Herhangi bir birey olarak, hızla akan görsellikler, aforizmalar, emojiler, (…) çağında yavaşlamak için; kendimizle kalabilmek, kendimize dönebilmek için; çevremizde olup bitenler biz onları fark edemeden ve anlamlandıramadan geçip gitmesinler diye; sürekli tepki vermek durumunda olduğumuz, tepkilerimiz üzerinde çok fazla düşünmediğimiz, artık tepkilerimizin rastlantısal bir toplamına indirgenme eğiliminde olduğumuz bu hayatta, kendimizi daha bütünlüklü bir bakış açısından konumlandırabilmek için; bizi sarmalayan gerçek ve sanal ortamlardan aktarılan bilgileri daha iyi değerlendirmek için; zihnimizi düzenli biçimde odaklayarak hatırlama yetimizi güçlendirebilmek için; (…) bir eylem olarak düşünmeğe her zamankinden daha çok ihtiyacımız var.
Herhangi bir inanan olarak ise dinî inançları zayıflatan düşünce akımlarının arka planını daha net görebilmek ve onlarla hesaplaşabilmek için; yukarıda saydığımız gelişmelerin içinden geçerek tahkîkî bir imana ulaşabilmek için; insanlık tarihinin tüm müktesebatını (kazanımlarını) dikkate alarak nasslarla irtibat kurabilmek için; ümmetin karşılaştığı son derece ağır sorunların nedenlerini çözümleyebilmek ve çözüm önerileri getirebilmek üzere; insanlığa şahit ve en hayırlı ümmet olmanın yükünü hakkıyla taşıyabilmek için; (…) bir eylem olarak düşünmeğe daha da çok ihtiyacımız var.
Genelde insanlar, özelde inananlar olarak bir düşünme ödevi bizi bekliyor. (…) İslam dünyası, günümüzde ne çağdaş bilimlerle ne de İslâmî ilimlerle ilgili yeterli miktarda ve üst seviye nitelikli düşünce üretemiyor.
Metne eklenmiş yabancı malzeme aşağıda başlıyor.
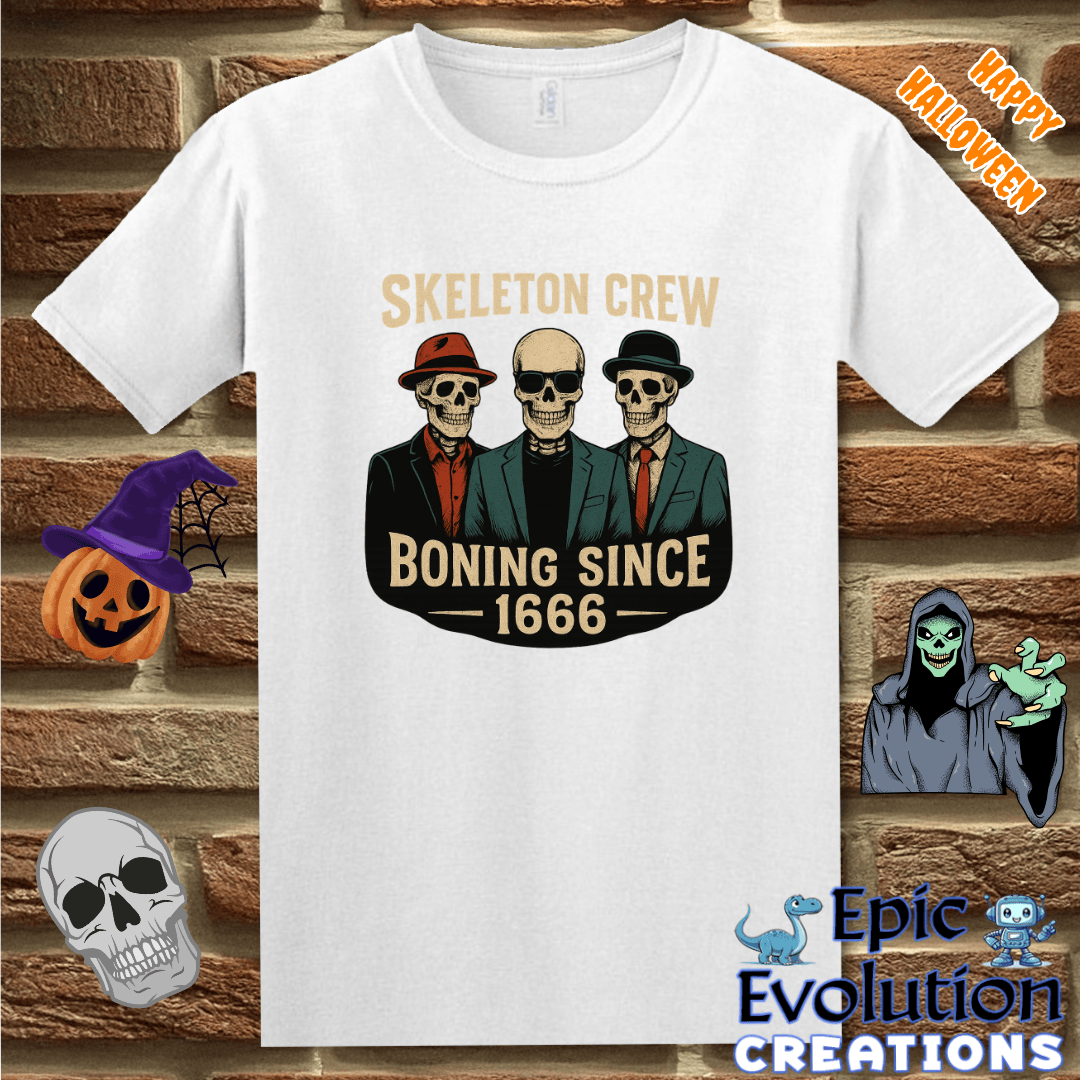 T-Shirt 💀Funny Skeleton T-Shirt for Halloween Epic Evolution Creations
Ne çağdaş düşüncenin nereye geldiğiyle ne de yaşadığımız sorunların kökeniyle ilgileniyoruz!
(…) Ancak hangi soruların üzerine kafa yormamız gerektiğini, hangi derinlikte ve kapsamda bir çabaya ihtiyaç duyduğumuzu en baştan fark etmeliyiz. (…) Soruyu şöyle de sorabiliriz: Yeterince ve hakkıyla düşünmüyor olmamızın arkasındaki kök sorun nedir?
Bu yazının devamı için bir çıkış noktası olarak şu tespitten hareket edebiliriz: Müslümanlar olarak bizler kendi akâidimizi koruyarak, kendimiz kalarak düşünebileceğimize yönelik itimadımızı yitirmiş durumdayız. Son birkaç yüzyılda düşünsel ve toplumsal düzeylerde öyle yoğun değişimler yaşandı ve yaşanıyor ki Müslümanlar en başından parçası olmadıkları/olamadıkları bu süreç karşısında kendilerini son derece güvensiz hissediyorlar. Bu güvensizliği aşmak üzere kendisine müracaat edilen düşünme biçimlerinin ise bu derde çare olmadığını üzülerek müşâhede ediyoruz.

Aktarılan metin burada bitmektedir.